A study conducted by researchers at the University of Birmingham in the UK has identified clinical risks and biomarkers that could be used to screen patients with heart condition.
Atrial fibrillation is a common heart rhythm disorder, which is said to affect around 1.6 million people in the UK.
Scientists have determined that patients with three clinical risks, including older aged, male and high body mass index, will be more affected by atrial fibrillation.
According to scientists, the patients can be screened for atrial fibrillation by testing the blood to check whether they have increases levels of two biomarkers, including hormone secreted by the heart known as brain natriuretic peptide (BNP) and protein responsible for phosphate regulation known as fibroblast growth factor-23 (FGF-23).
Scientists from the Institute of Cardiovascular Sciences and the Institute of Cancer and Genomic Sciences have carried out the research at the University of Birmingham’s College of Medical and Dental Sciences.
First author Dr Winnie Chua said: “People with atrial fibrillation are much more likely to develop blood clots and suffer from strokes. To avoid strokes it is important for them to take anticoagulant drugs to prevent blood clotting. However, atrial fibrillation is often only diagnosed after a patient has suffered a stroke.
“Therefore it is important that patients at risk are screened so that they can begin taking anticoagulants to prevent potentially life-threatening complications.”
During the study, the scientists analyzed 40 common cardiovascular biomarkers in a cohort of 638 hospital patients who have been enrolled between September 2014 and August 2016.
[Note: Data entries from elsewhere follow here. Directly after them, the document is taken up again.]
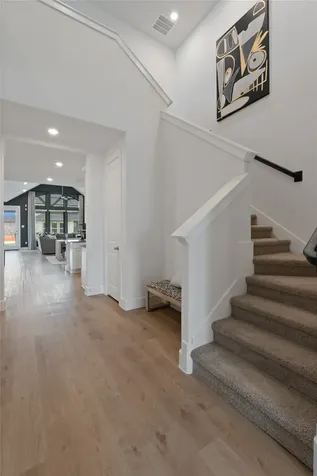 813 Green Ash Drive Waller TX 77484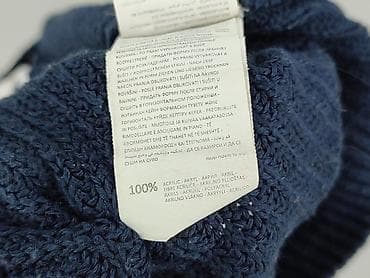 blue harbour sweter: Sinsay, Sweter damski, rozmiar L — 5
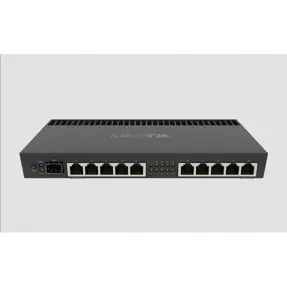 mikrotik-router-rb4011igsrm-10xgigabit-10gbps-sfp-42885-116500087.webp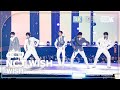 K Choreo 8K 엔시티 위시 직캠 WISH NCT WISH Choreography 뮤직뱅크글로벌페스티벌 241219 K Choreo 8K 엔시티 위시 직캠 WISH NCT WISH Choreography 뮤직뱅크글로벌페스티벌 241219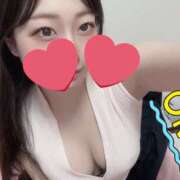 ヒメ日記 2025/12/29 16:35 投稿 小鳥遊　せいら ZENITH spa（ゼニススパ）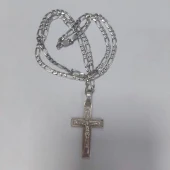 Lant din argint 925 14,49 gr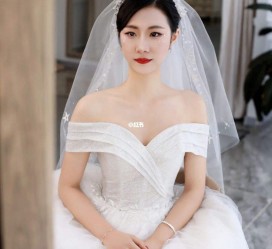海丰兼职做婚纱模特(婚纱兼职模特雇用)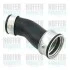 Патрубок інтеркулера (нижній) Seat Leon/Toledo II/VW Bora/Golf IV 1.9D 00-06 96029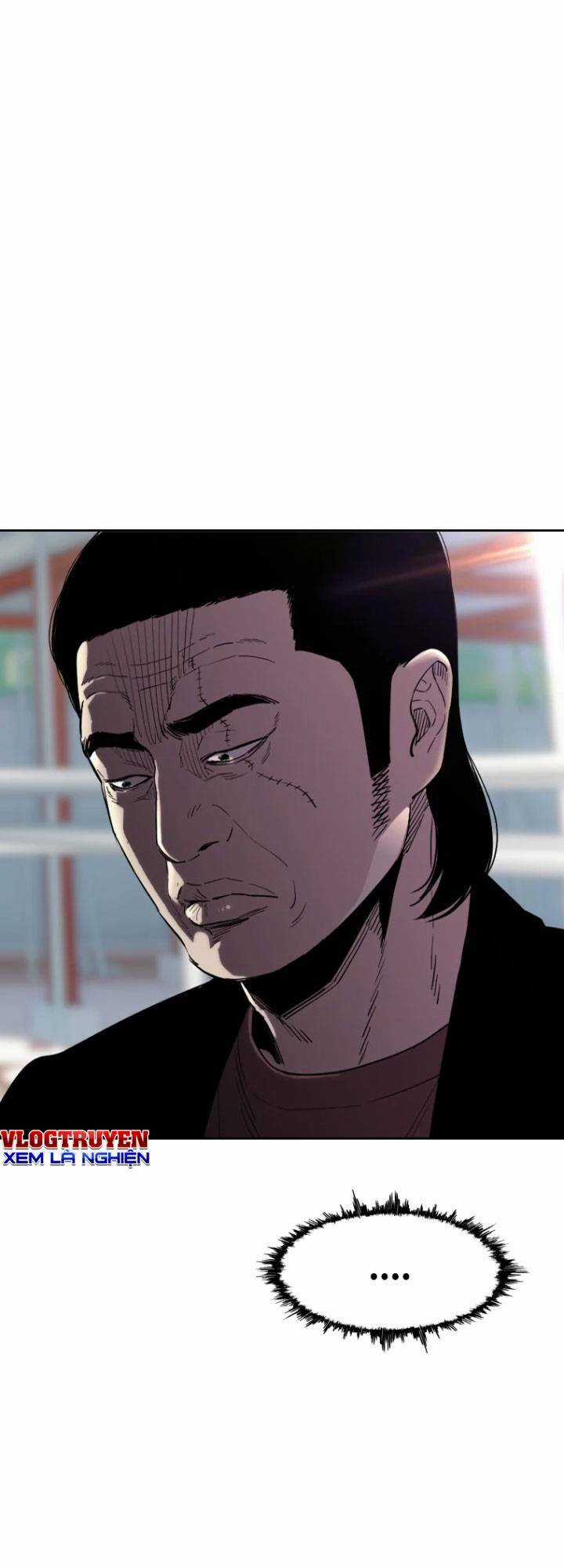 Bạt Tai Chapter 14 trang 22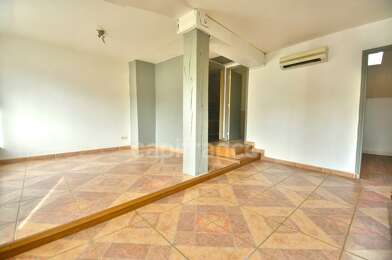 Maison 3 pièces 78000 €
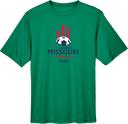Performance Short Sleeves - USYS MO State Cup 2026 - official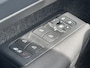 Volvo XC40 1.5 T4 Plug-in hybrid Plus Bright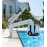 Pool Lift System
Scientists aggregated traditional statistical analysis with new and advanced machine learning techniques to secure the results.
The research, which was funded by the University of Birmingham, has been supported by Catch Me, an EU-funded consortium headed by the University of Birmingham, the British Heart Foundation and Leducq Foundation.
The research was conducted in collaboration with Sandwell and West Birmingham Hospitals NHS Trust, University Hospitals Birmingham NHS Foundation Trust, the European Society of Cardiology, The German Atrial Fibrillation NETwork (AFNET), and Health Data Research UK.
Started in 2013, the research is ongoing and further steps will include follow-up appraisals of the patients enrolled in the study to enhance the prevention and treatment of atrial fibrillation.